The Hand-wrought Table-Silver

by M. Friss Moller

English summary reprinted from the 1945 Danish publication of the booklet “Solv” released by Aage Weimar.

(Aage Weimar was the son of silversmith Evald Nielsen and was born in 1902 [died in 1986]. He trained at Grann& Lagley and opened his own shop in 1936. In addition to being a silversmith in his own right, he also enjoyed a career as a write of crime novels.)

What is the reason when people prefer handmade table silver to machine made? Is it merely a sort of snobbery in people, complacent in the thought that they will not so frequently meet its equal, as they if they chose the prevailing machine made patterns?

No, that is not at all the reason. If you have a pure aesthetic sentiment towards the utilitarian articles of every day, you chose the hand made table silver for quite different motives.

Is there anything so pleasant as the feeling that a thing you have to work with is handy? Regard for once a joiner's tool, grasp it and notice the movement it is designed to make. You feel instantly that it fulfills its mission in a fashion which unites hand and tool in a higher unity.

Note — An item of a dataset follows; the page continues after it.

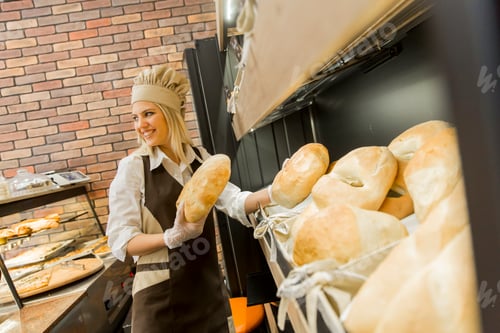 Preview: Young woman takes fresh bread from the shelves in a baker shop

How is it that table silver is often so badly balanced? Simply because a machine makes a spoon of equal thickness throughout, and this causes it to be quite wrong in the hand. The silversmith who shapes his spoon quite independently of any machine, can divide silver so that the spoon becomes heaviest down towards the bowl and it is this which gives the pleasant sense of balance.


Secondly, the silversmith can force a greater bulk of silver out into the edge of the bowl with his hammer than any machine is able to. The thick edge, which is later rounded, soft and fine, makes the spoon more pleasant to eat with - as opposed to the machine made spoons, the thin edge of which you often have a sensation of hurting you when you put it into your mouth.

Finally, it deserves to be taken into consideration, that the handmade table silver in the long run is the most advantageous, because it is far stronger in use than the machine made. Table silver always has weak points, which only daily usage reveal. For instance, a fork is especially exposed on the piece where you place the forefinger when you thrust it into a piece of meat. The silversmith knows about the exposed places and takes care to make them especially solid, so that a breakage is avoided. If we look at a spoon the mentioned edge is, of course, a good guarantee against wear and tear.

Aage Weimar's hand-wrought table silver has besides all these excellent technical advantages a great number of artistic ones. He also works with the finely balanced effects from the point of appearance and so he attains an appeal to two senses at one and the same time: the sight as well as sense of touch.

It is no coincidence that several of his sets of table silver have been sold to distinguished American museums for arts and crafts.


Concerning the artistic aspect of Aage Weimar's work, Viggo Sten Moller, the architect, writes in “New Magazine for Arts and Crafts”:

In his best work you perceive an urge to work with taught (sic.), balanced lines, to have his effects clearly worked out without employing “picturesque” methods, where the process n the production is to draw attention to the finished work. There is every reason first to mention his work with table silver. Of this he has made several models. The first, No. 29, has been sold to the Gallery of Art, Omaha Neb. U.S.A. In 1931. The sweep of the handle is well designed in spoon and fork, but is less good in the handle of the knife, where it reminds you of a gnomes hat.

In another, -No. 35, which has been sold to the Museum of Art, Providence, Rhode Isl., has been worked with quite smooth shapes and sliding, sweeping lines. The small notch between the handle and bowl which is probably reminiscent of the time when these two component parts were made separately has been removed there – you get an effect of hornspoons, the blade of the knife is quite short – but not too short. The top ends of the handle are perhaps rather sharp.

Aage Weimar has worked a good deal with smooth basins, where the severe line of the side and possibly the curve of a cover gives the entire tension in the article. It is a very exciting and difficult art, not least in silver. Sometimes the entirely smooth motif has been enriched by the placing of a small flower, a leaf or ornament, or by combining several materials, so that handles for instance are made in ebony or ivory, the covered silver dish – which has been sold to the Gallery of Art, Omaha – is an example of this. The form of the small table bell, the handle of which is of ebony, is most elegant.

Aage Weimar has made many small works in which he has attempted to combine shape and line with a reasonable price. That is an excellent test of the scope of gifts if such works also succeed.”